(Collected data)
⁂
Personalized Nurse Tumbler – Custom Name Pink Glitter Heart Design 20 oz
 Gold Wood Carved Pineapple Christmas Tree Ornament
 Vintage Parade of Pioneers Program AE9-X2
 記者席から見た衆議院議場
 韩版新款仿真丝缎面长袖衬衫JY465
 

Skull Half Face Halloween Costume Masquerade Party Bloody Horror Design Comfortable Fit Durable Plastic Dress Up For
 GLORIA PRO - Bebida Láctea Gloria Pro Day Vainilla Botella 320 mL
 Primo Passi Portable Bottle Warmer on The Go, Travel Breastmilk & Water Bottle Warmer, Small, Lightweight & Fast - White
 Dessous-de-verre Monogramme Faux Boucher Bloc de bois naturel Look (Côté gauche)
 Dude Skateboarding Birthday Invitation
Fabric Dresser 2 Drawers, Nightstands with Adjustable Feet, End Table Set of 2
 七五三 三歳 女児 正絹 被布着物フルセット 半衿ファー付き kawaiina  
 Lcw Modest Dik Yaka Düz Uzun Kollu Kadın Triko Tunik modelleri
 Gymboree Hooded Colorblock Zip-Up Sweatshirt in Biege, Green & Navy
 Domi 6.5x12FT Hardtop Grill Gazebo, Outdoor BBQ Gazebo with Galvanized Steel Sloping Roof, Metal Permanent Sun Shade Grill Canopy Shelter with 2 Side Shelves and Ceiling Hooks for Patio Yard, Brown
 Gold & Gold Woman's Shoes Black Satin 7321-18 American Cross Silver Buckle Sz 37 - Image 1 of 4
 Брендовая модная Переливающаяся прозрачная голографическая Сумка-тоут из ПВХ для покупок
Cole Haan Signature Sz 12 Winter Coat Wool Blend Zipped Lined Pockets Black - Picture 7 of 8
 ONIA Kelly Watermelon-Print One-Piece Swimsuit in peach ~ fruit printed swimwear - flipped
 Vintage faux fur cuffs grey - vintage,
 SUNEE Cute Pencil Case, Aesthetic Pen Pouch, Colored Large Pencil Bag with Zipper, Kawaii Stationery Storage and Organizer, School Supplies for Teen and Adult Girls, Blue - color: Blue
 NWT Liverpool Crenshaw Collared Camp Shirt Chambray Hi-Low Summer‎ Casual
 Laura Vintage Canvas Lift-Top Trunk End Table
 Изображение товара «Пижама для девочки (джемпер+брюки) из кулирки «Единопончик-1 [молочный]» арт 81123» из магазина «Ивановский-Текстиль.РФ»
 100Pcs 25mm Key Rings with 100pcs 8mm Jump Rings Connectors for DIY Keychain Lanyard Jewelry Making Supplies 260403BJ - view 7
⁂
Within the entries, find all lines holding "Black" and copy each one.

# [RESPONSE]
 Gold & Gold Woman's Shoes Black Satin 7321-18 American Cross Silver Buckle Sz 37 - Image 1 of 4
Cole Haan Signature Sz 12 Winter Coat Wool Blend Zipped Lined Pockets Black - Picture 7 of 8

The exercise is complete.